Wir haben in einem Forschungsprojekt dazu festgestellt, dass diese Entwicklung allerdings kein Selbstläufer ist, weil es gerade im konservativ orientierten Bereich musikalischer Bildung z. T. noch Vorbehalte gegenüber den digitalen Medien gibt. Es muss darauf geachtet werden, keine vorschnellen Zuschreibungen weiter zu erhärten wie z. B., dass Person X eine Behinderung hat und kein konventionelles Instrument spielen kann, deshalb bekommt sie dann das als schlechter bewertete digitale Tool als „Ersatzinstrument“. Solche Mechanismen werden weder den Personen noch den digitalen Instrumenten gerecht.

MIZ: Wie Inklusion in der Musik aussehen kann, ist ein Diskussionspunkt in Forschung und Praxis. Gibt es in ihren Augen Grenzen von Inklusion?

GERLAND: Eine große Problematik liegt im Begriff Inklusion und dem, was man damit erreichen will. Bei der Frage, wie ein inklusiver Unterricht gelingt oder wie man Inklusion in der Breite umsetzen kann, hört es sich manchmal danach an, als würde ein bestimmtes Rezept gesucht, das immer funktioniert und gilt.

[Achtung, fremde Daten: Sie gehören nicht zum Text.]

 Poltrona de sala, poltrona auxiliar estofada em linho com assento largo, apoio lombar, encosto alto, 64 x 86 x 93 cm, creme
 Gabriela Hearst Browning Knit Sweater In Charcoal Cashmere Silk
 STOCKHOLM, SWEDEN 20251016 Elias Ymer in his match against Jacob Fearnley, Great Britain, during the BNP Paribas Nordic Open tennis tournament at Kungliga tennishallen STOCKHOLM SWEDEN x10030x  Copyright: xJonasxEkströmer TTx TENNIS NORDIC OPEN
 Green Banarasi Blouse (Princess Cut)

Das halte ich für eine Gedankenfalle, weil genau diese Suche nach einem Rezept den Umgang mit Herausforderungen blockiert. Es wird in pädagogischen und auch in künstlerischen Situationen immer Konfrontationen mit Antinomien geben, die sich nicht leicht auflösen lassen, weil sie inhaltlich eng mit dem Feld Musikpädagogik verwoben sind. Es ist also nicht produktiv, wenn die gesamte Energie dahingeht, darüber nachzudenken, wie „die eine Inklusion“ umzusetzen ist. Manchmal kommt dann noch eine fachspezifische Unklarheit dazu, beispielsweise weil nicht klar ist, ob es im jeweiligen Kontext um die Menschen geht, die gewinnbringend für sich selbst musizieren sollen, oder um künstlerische Exzellenz. Das sind und waren schon immer unterschiedliche Wünsche an Musik und musikalische Bildung. Die Musikpädagogik muss hier nicht entschieden, ob sie künstlerische Exzellenz will oder ein Angebot in der Breite. Wir können beides haben. Aber man muss genau wissen, was das jeweilige Ziel ist. Darauf aufbauend kann ich überlegen, was die richtigen Werkzeuge für die Umsetzung sind.

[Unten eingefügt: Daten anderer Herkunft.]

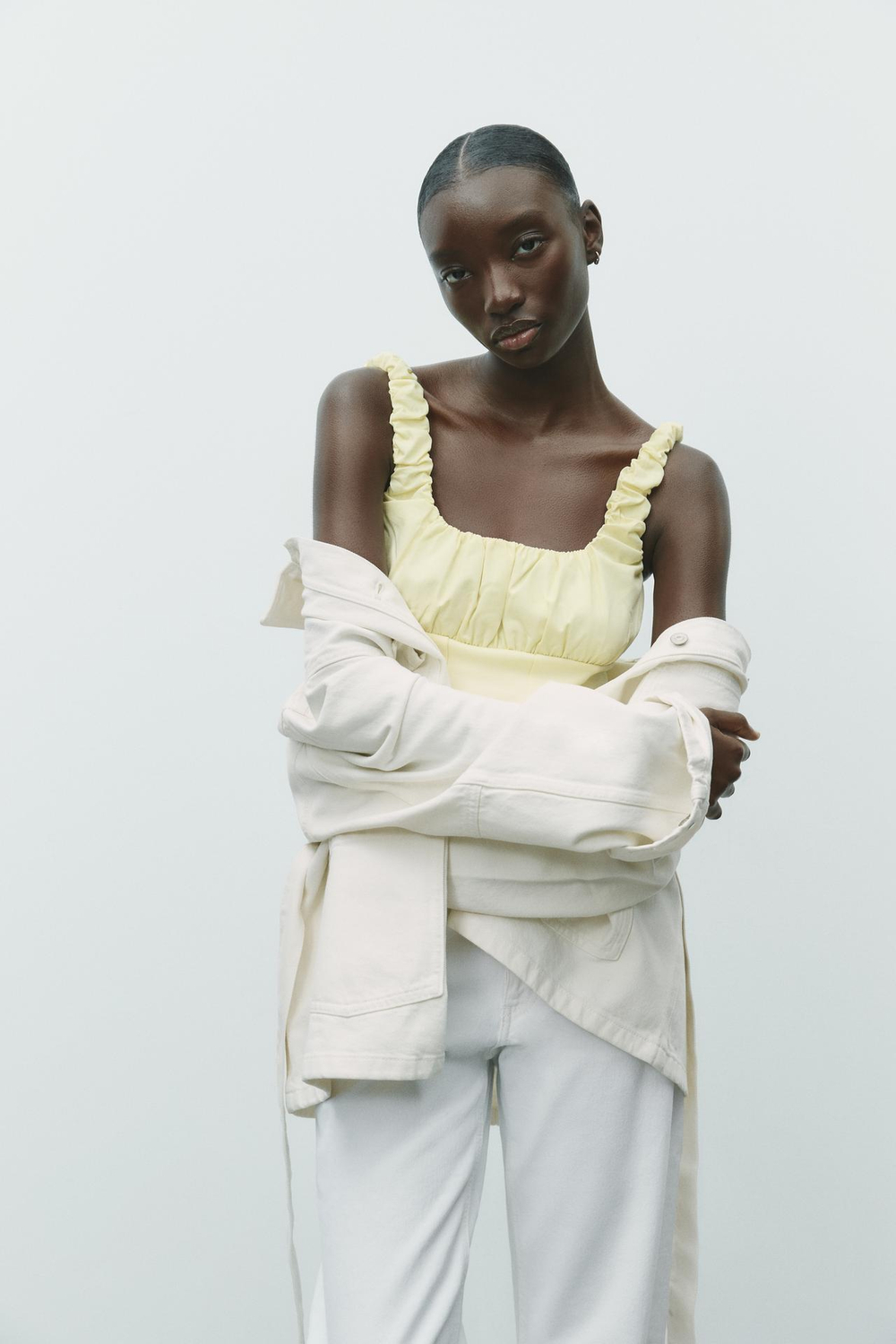 ZARA ТОП ИЗ ПОПЛИНА, ЖЕЛТЫЙ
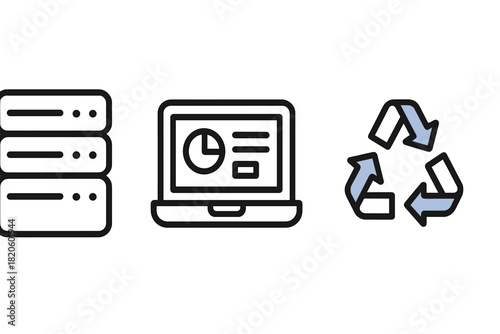 Data center server racks, business analytics dashboard on laptop, and global recycling symbol icons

Das Interview fand am 10. November 2023 statt. Die Fragen stellten Gregor Arnold und Dr. Karin Stoverock.

Dr. Juliane Gerland ist Professorin für Musikpädagogik mit dem Schwerpunkt sonderpädagogische Förderung und Inklusion an der Universität Münster. Ihre Forschungsschwerpunkte liegen in den Bereichen inklusive Prozesse und Musikpädagogik sowie pädagogische Professionalisierung für Musikschulen.